> [Task item]: Stop at the line containing "half bath featuring": repeat exactly every line of the entries below from the first up to it, plus that line, with pictures omitted.

> [Records for the task]:
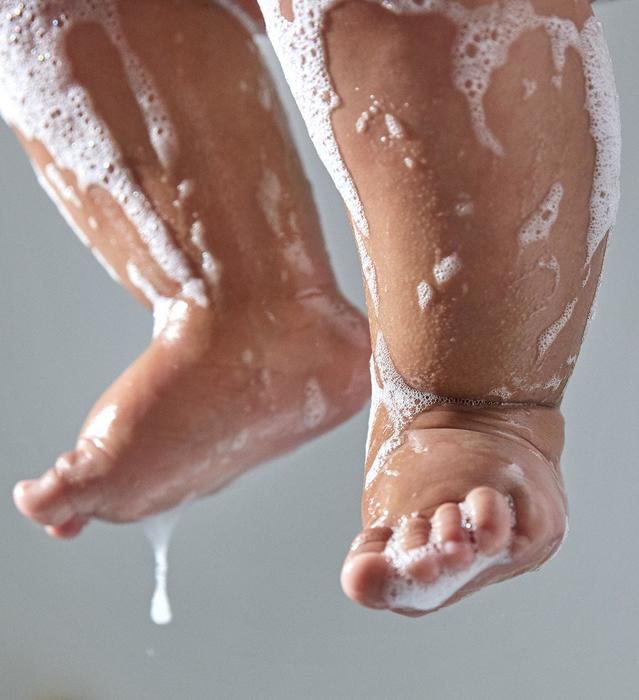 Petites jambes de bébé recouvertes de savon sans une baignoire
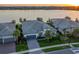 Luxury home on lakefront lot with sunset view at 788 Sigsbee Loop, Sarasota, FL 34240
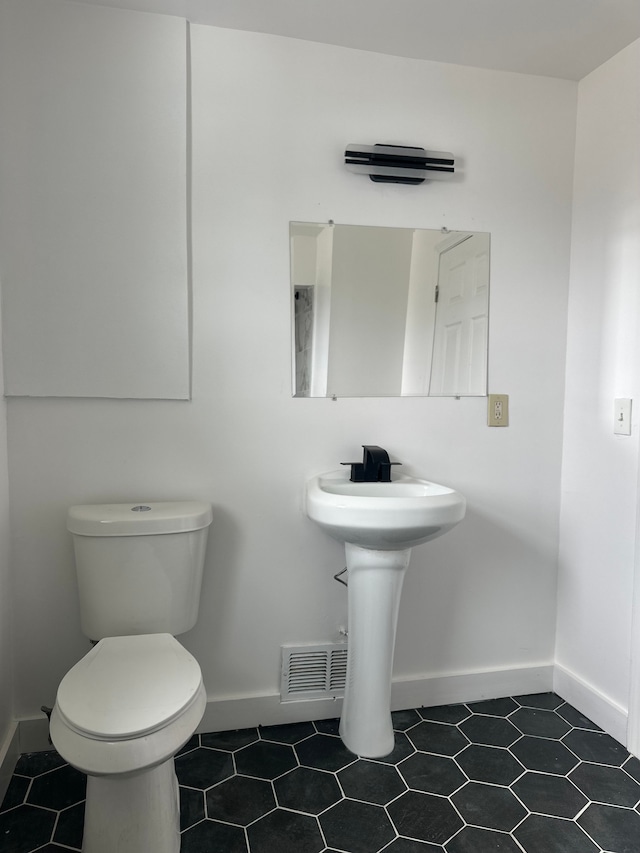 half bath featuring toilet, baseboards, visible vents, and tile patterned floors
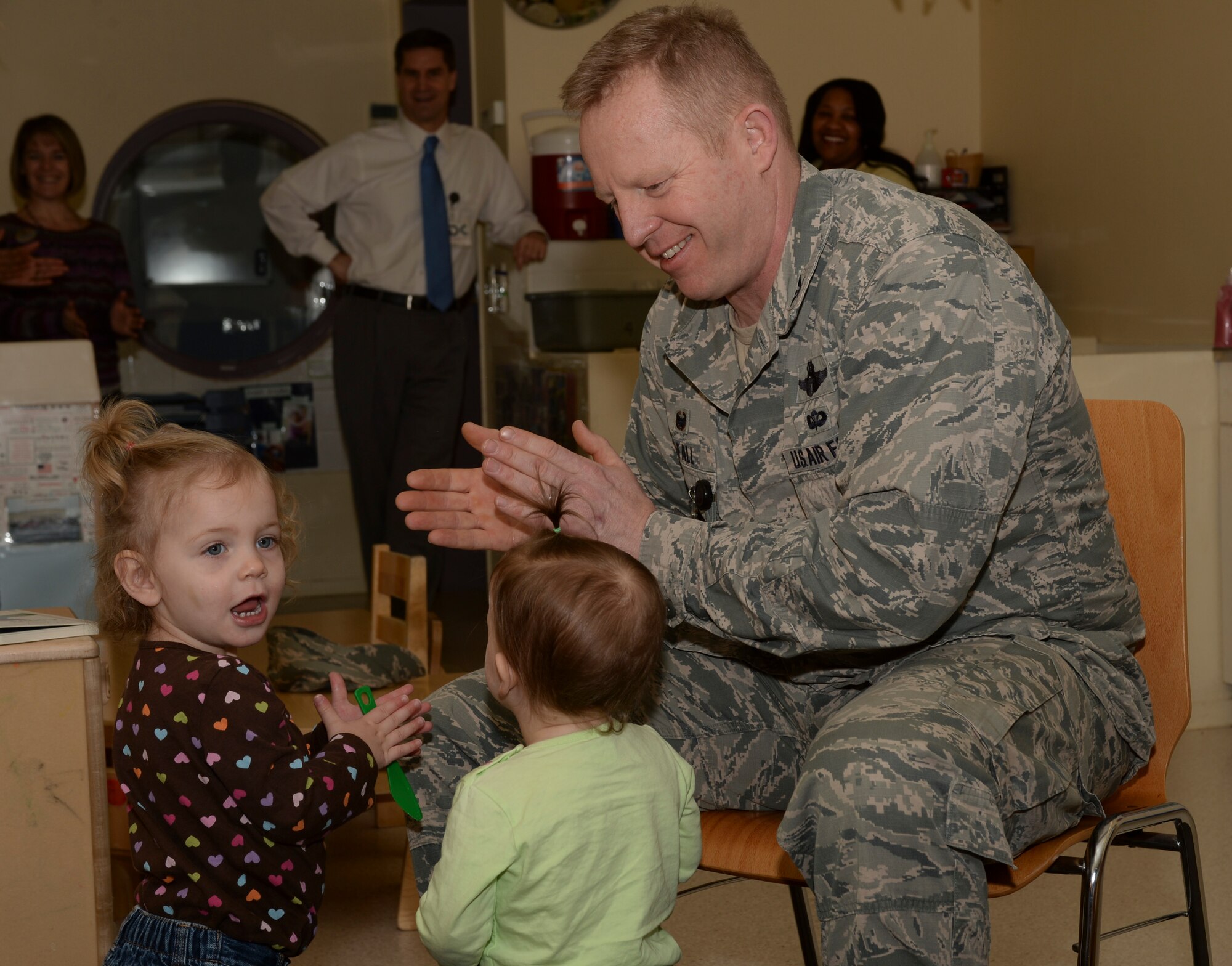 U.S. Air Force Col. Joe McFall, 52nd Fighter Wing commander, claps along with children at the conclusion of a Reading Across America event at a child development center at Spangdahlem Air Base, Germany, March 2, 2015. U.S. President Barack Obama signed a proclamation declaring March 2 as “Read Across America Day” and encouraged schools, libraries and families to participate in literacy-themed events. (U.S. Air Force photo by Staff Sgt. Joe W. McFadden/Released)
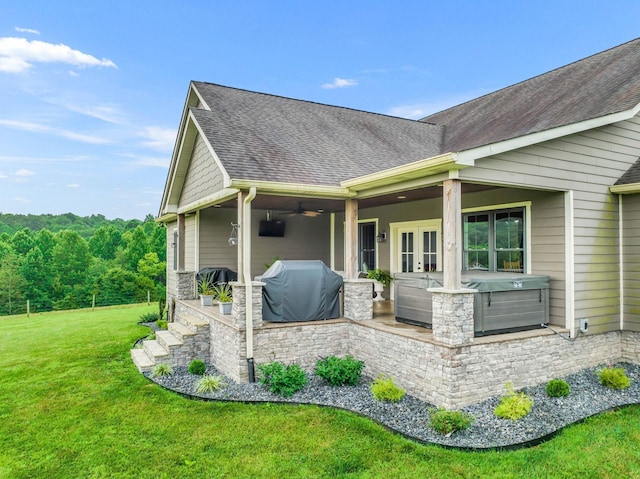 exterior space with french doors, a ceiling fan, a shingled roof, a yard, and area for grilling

> [Answer space]:
 Petites jambes de bébé recouvertes de savon sans une baignoire
 Luxury home on lakefront lot with sunset view at 788 Sigsbee Loop, Sarasota, FL 34240
 half bath featuring toilet, baseboards, visible vents, and tile patterned floors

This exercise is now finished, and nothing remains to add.